►

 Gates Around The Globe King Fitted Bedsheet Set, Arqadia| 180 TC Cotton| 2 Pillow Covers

◄
►

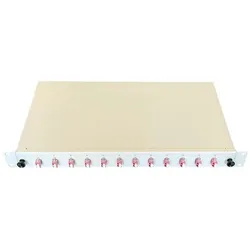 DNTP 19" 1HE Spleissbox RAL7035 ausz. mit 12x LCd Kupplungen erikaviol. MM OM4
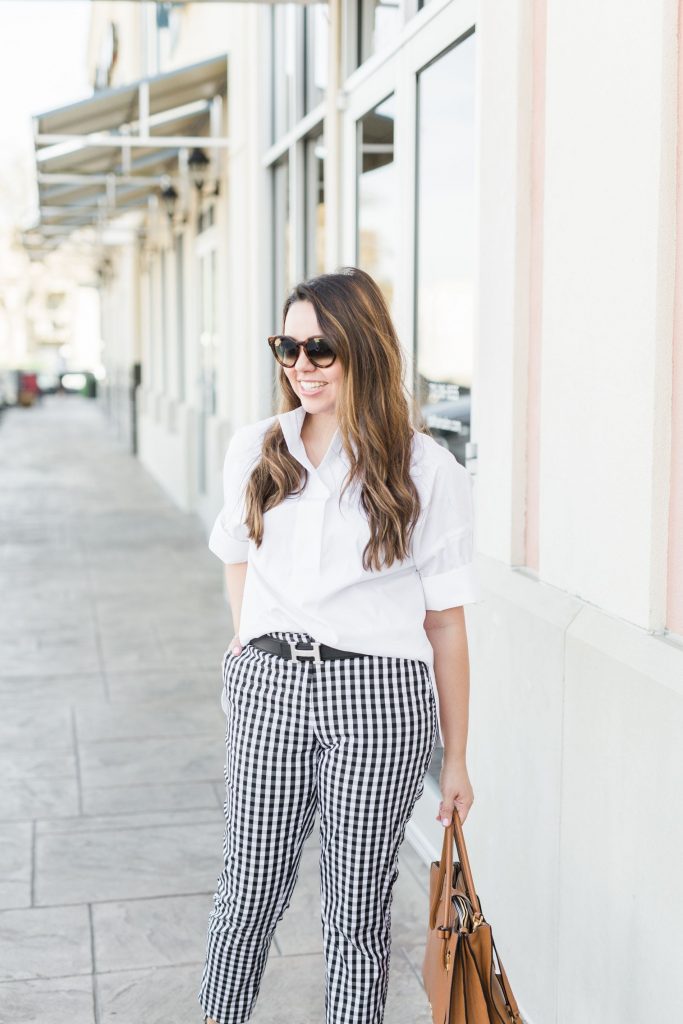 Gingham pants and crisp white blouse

◄

* WHAT IS EXPECTED: Write back word for word every line in the entries above from the one with "erikaviol. MM OM4" to the one with "Gingham pants and crisp white blouse", ends included, and none of the pictures.

* SOLUTION FOR THIS TASK:
 DNTP 19" 1HE Spleissbox RAL7035 ausz. mit 12x LCd Kupplungen erikaviol. MM OM4
 Gingham pants and crisp white blouse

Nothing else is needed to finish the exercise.